My wife is complaining about the tan line from her cycling shorts. 
Are there any short shorts with a cycling chamois?

I see Tri Shorts that are shorter but a minimal chamois for shorter rides (and running) which would mean she wouldn't be as comfortable and ride as far, which means she wouldn't get as tan... does this seem backwards to me?

thanks for the help


----------



## fsgray (May 31, 2006)

The chamois in tri shorts is fine unless you're doing a century or something, IMO.


----------



## TP_Mantis (Jan 20, 2009)

Anything for a century? We did one on Saturday and my ass hurt with a good chamois, can't imagine doing that in a tri short


----------



## Loraura (Jun 30, 2008)

How about using sunblock to prevent the tan alltogether?


----------



## ragweed (Jan 2, 2009)

My wife asked me for the exact opposite this morning -- she wants to know if there are any brands of cycling shorts that are long and would cover most of her upper legs?

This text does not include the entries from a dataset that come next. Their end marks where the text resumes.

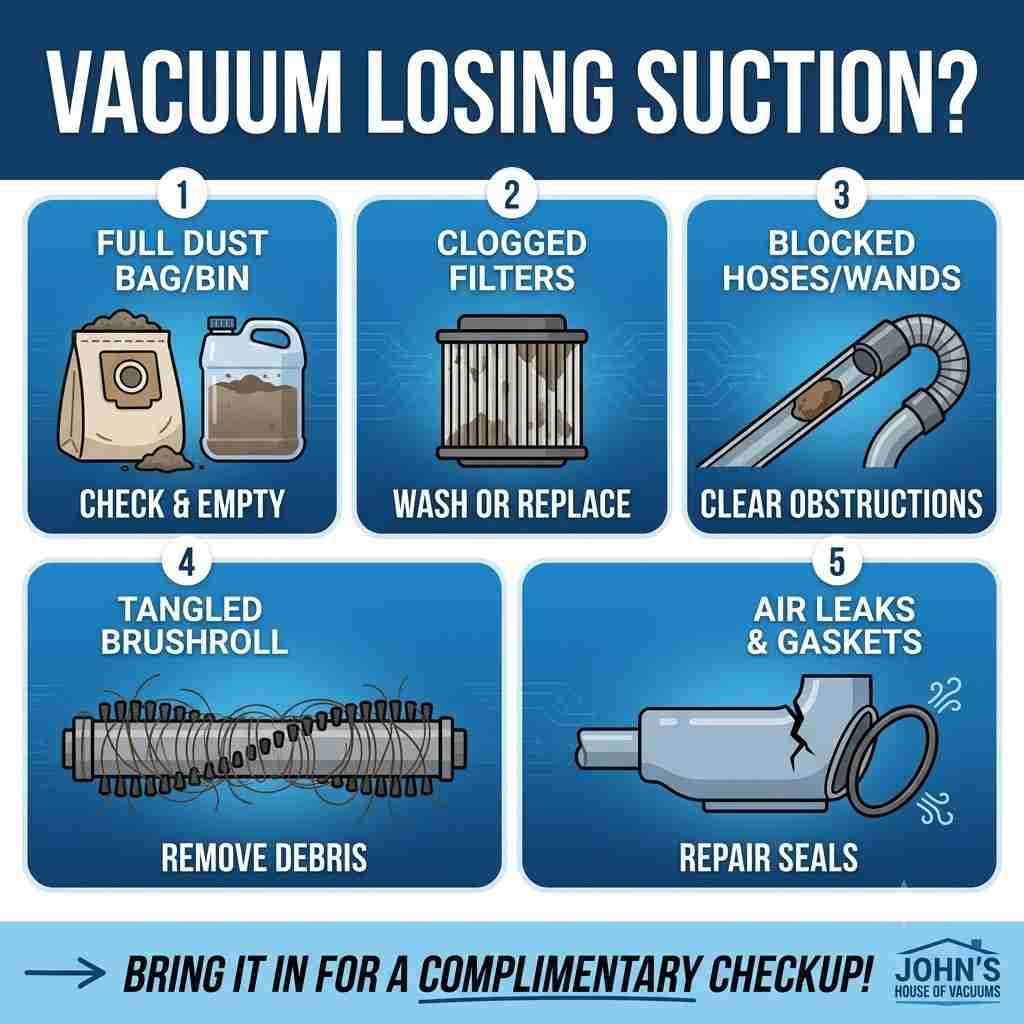 Vacuum Losing suction
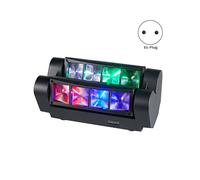 Spider Light 8x3W RGBW LED Lampada da Palco con Fascio Mobile DJ Discoteca Discoteca Danza Matrimonio Bar Effetto Vacanza SPINA UE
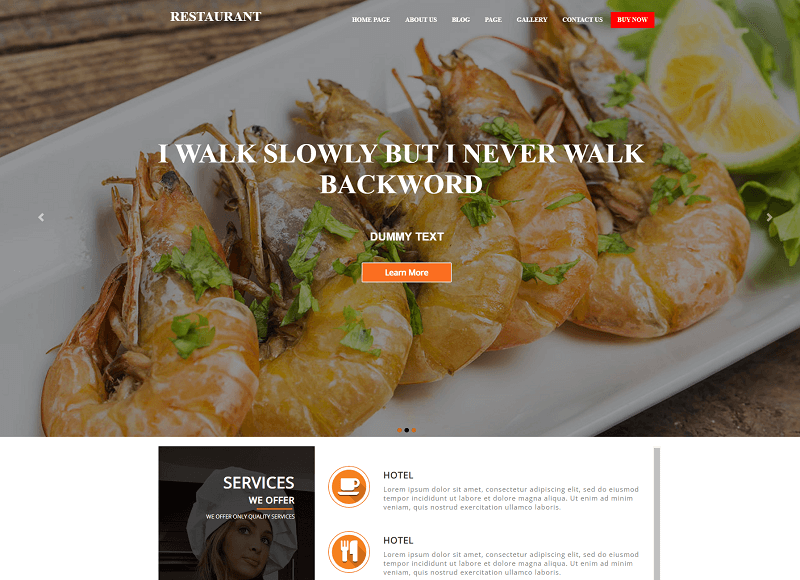 Food Restaurant free WordPress theme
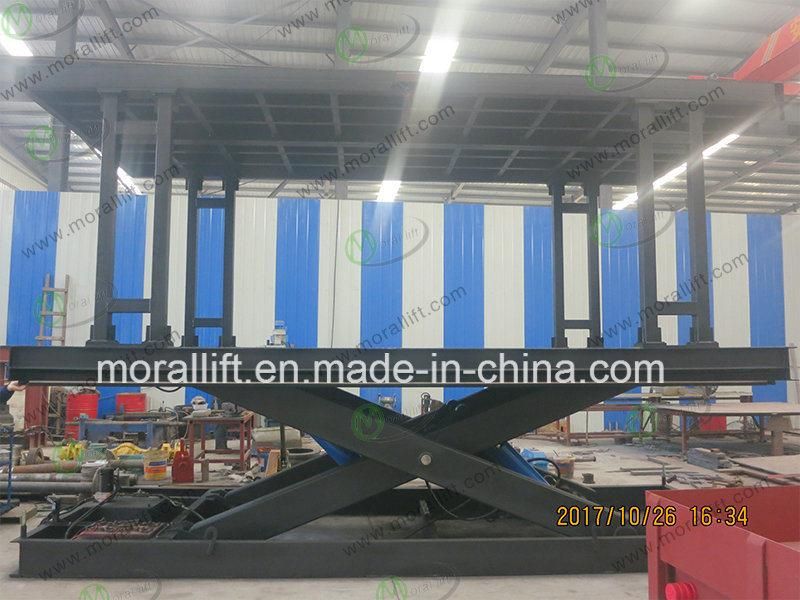 Double Deck Hydraulic Auto Car Parking Lift for Garage Use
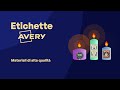 Avery Etichette adesive personalizzate: la tua candela artigianale, un'opera d'arte unica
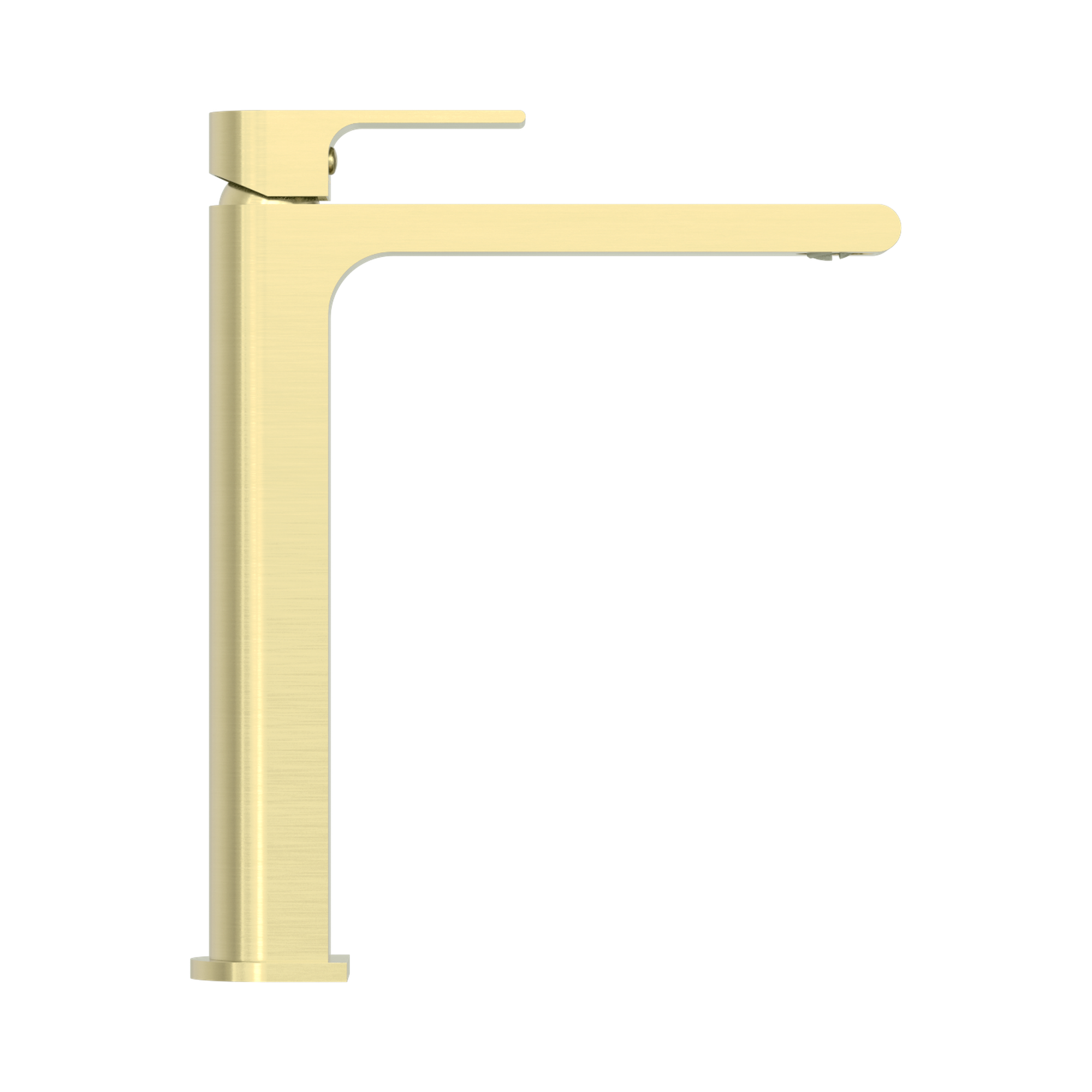 Nero Bianca Tall Basin Mixer, Brushed Gold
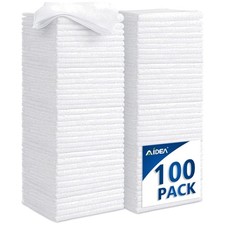 White Microfiber Cleaning Cloth 100PK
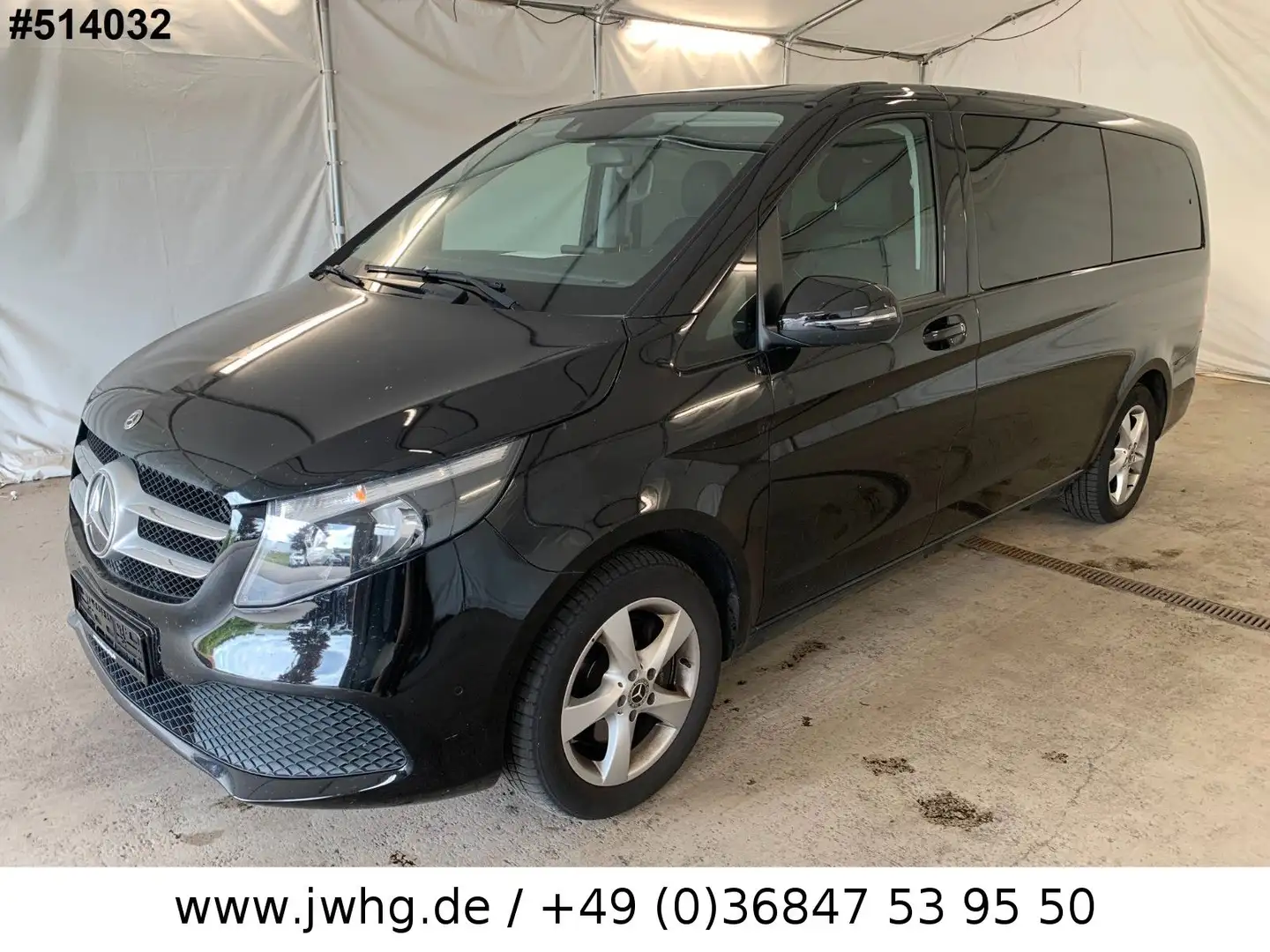 Mercedes-Benz V 300 Lang Facelift Ed 6Si Nav 17"Kam VLeder DAB Noir - 1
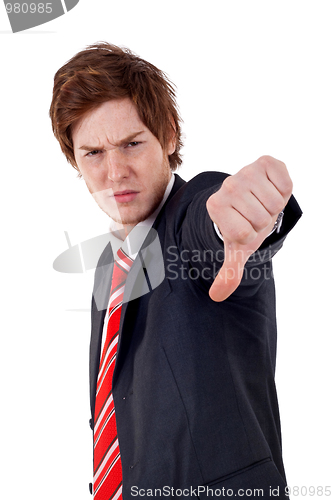 Image of man with thumbs down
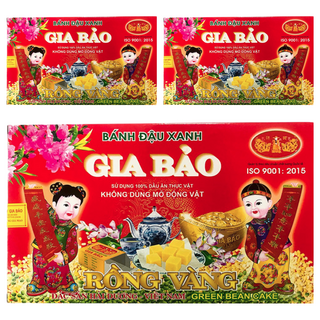 GIA BAO 家寶 綠豆糕餅 12g, 240g, 3盒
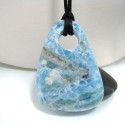 XXL Larimar Stein mit Bohrung und Band SB147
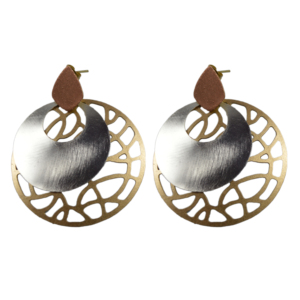 Pendientes con Diseño de Acabado Multicolor, Ideales para Eventos y Otras Ocasiones, Joyería de Alta Gama para Damas - Product Image 4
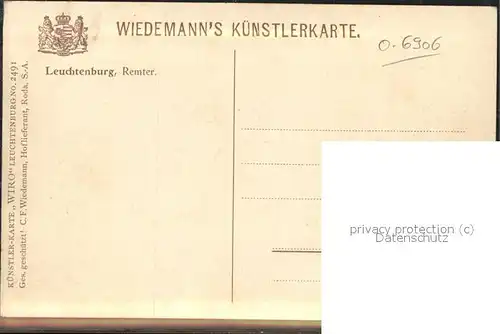 Verlag WIRO Wiedemann Nr. 2491 Leuchtenburg Remter Kat. Verlage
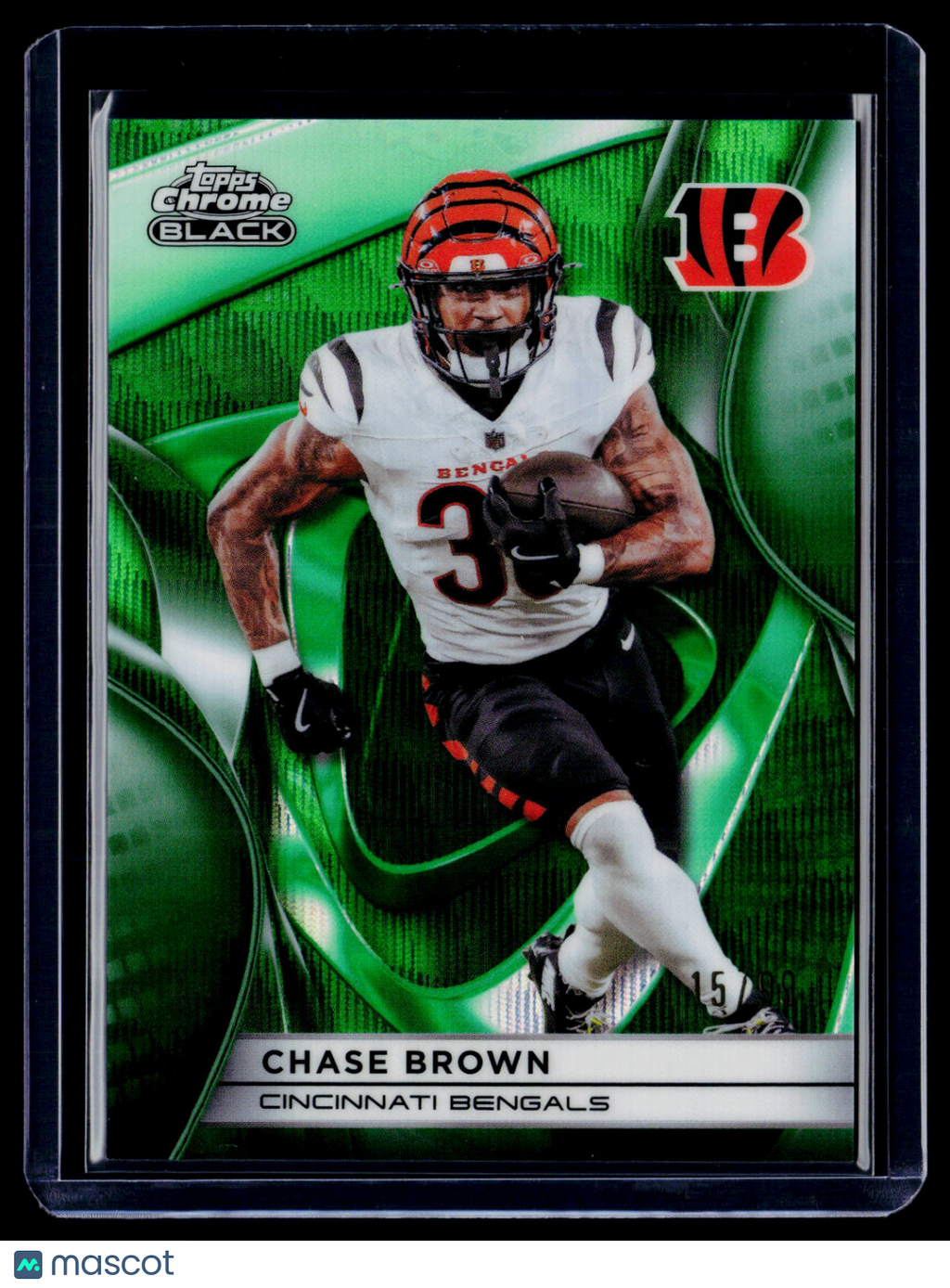 2025 Topps Chrome Black Chase Brown Green Wave Refractor 15/99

She doesn't want knickers because they might be too warm (we live in SoCal) and she wants to minimize applying sun screen because she only MTB's on trails and doesn't like dirt sticking to her legs. Any recommendations?


----------



## Raquel Rides (Aug 9, 2007)

how about http://athleta.gap.com/browse/product.do?cid=46732&vid=1&pid=689482

these are short on
and athleta has nice racer back tops, the material lasts, still like-new after 30+ washings


----------